> **ENTRIES SHOWN**:

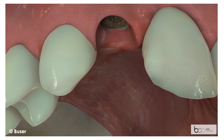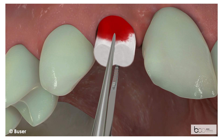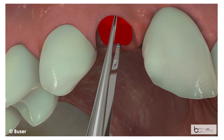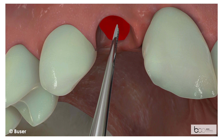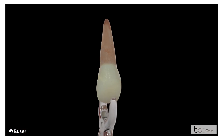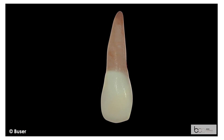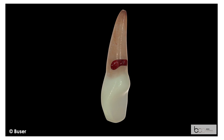A collagen plug is applied for the stabilisation of the coagulum and the socket is left to heal by secondary granulation. The removed tooth shows the area with the external resorption.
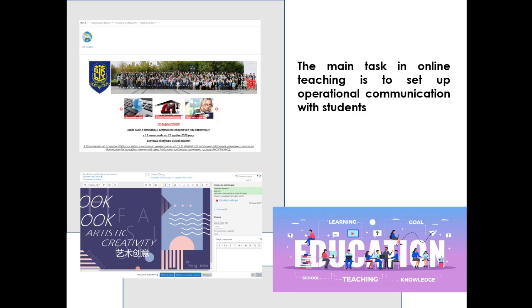The main task in online teaching is to set up operational communication with students. Communication is important not only through the chat of the group, but personal contact with each student is very important. This can be done, for example, via email, or by making a chat on social networks, on the educational platform as we have at my university, or in some messenger, and making sure that every student has access there.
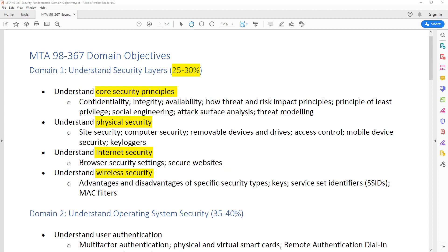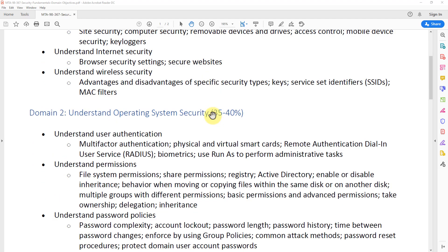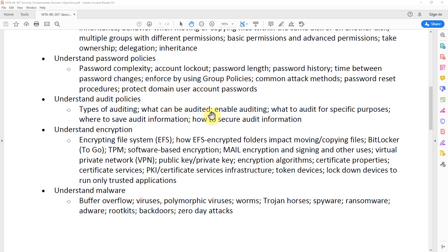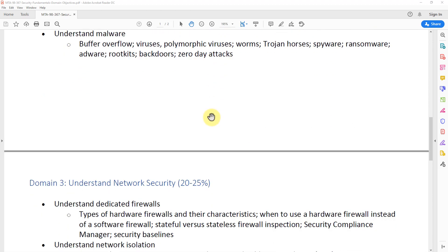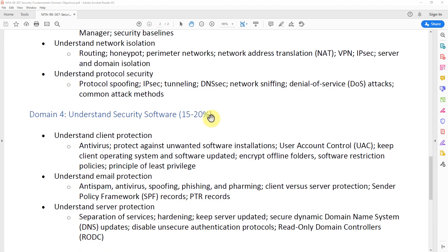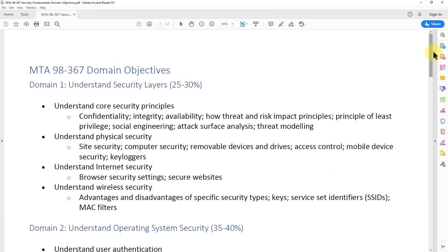For those of you wondering where I got this PDF, it's part of my full-fledged course. You can view this information on Microsoft's website, but I created my own PDF because it's much easier to read when broken down this way. I'll quickly scroll down through all the domain objectives from domain one through domain four so you can see everything covered on the exam. This is what domain one covers, which is everything we'll go over in this free three-hour course.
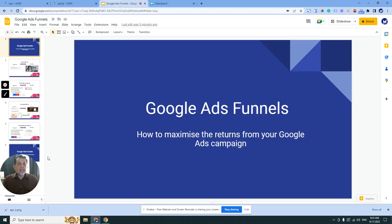Good day guys, this is Abdul Aziz from Media Beza PLT, welcome again to my video. In today's video, what I will be sharing with you is a proposed Google Ads funnel with the objective of maximizing the returns of whatever ads spending you are doing for Google Ads.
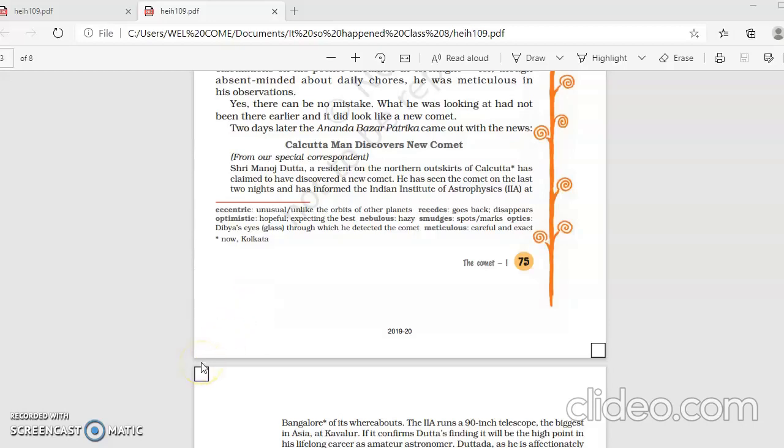Good morning, students of class 8. Welcome to the English online learning class. Today we are going to further continue with part 3 of the lesson, The Comet.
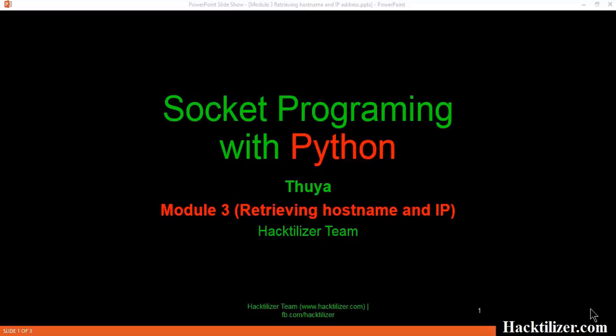Hello everyone, welcome to Module 3 of Socket Programming with Python. I am Tuya. This tutorial series is for HactiLizer team.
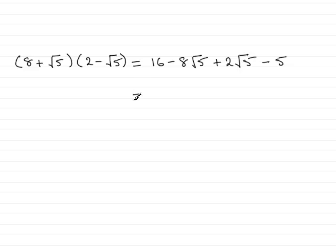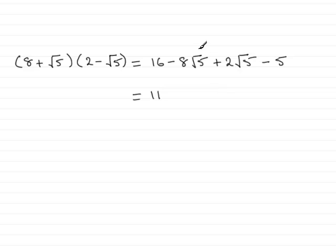Just group these up. We have 16 take 5, which is going to be 11. And then minus 8 root 5 plus 2 root 5 is going to be minus 6 root 5.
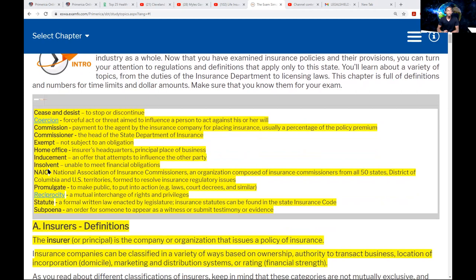Insolvent means unable to meet financial obligations. You're going to find some companies that might become insolvent. When they do, there are regulations that force them to fix it. The state or the commissioner can force them to leave the industry or fix the problem. NAIC stands for National Association of Insurance Commissioners. It is an organization composed of the insurance commissioners from all 50 states, the District of Columbia, and U.S. territories, formed to resolve insurance regulatory issues.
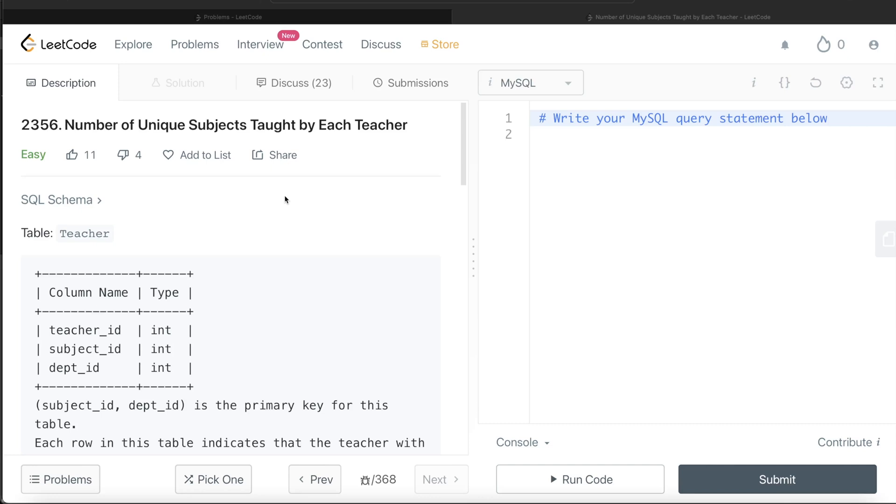Hey guys, welcome back to the channel. This channel, Everyday Data Science, is all about learning the different concepts involved in data science by practicing a lot of questions. In this video, I'm going to solve this question on LeetCode.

> **TASK DETAILS**: Each line from the top of the material through the line containing "For those of" should be reproduced exactly; please drop any images.

> **RESPONSE TO THIS EXERCISE**:
A collagen plug is applied for the stabilisation of the coagulum and the socket is left to heal by secondary granulation. The removed tooth shows the area with the external resorption.
The main task in online teaching is to set up operational communication with students. Communication is important not only through the chat of the group, but personal contact with each student is very important. This can be done, for example, via email, or by making a chat on social networks, on the educational platform as we have at my university, or in some messenger, and making sure that every student has access there.
For those of you wondering where I got this PDF, it's part of my full-fledged course. You can view this information on Microsoft's website, but I created my own PDF because it's much easier to read when broken down this way. I'll quickly scroll down through all the domain objectives from domain one through domain four so you can see everything covered on the exam. This is what domain one covers, which is everything we'll go over in this free three-hour course.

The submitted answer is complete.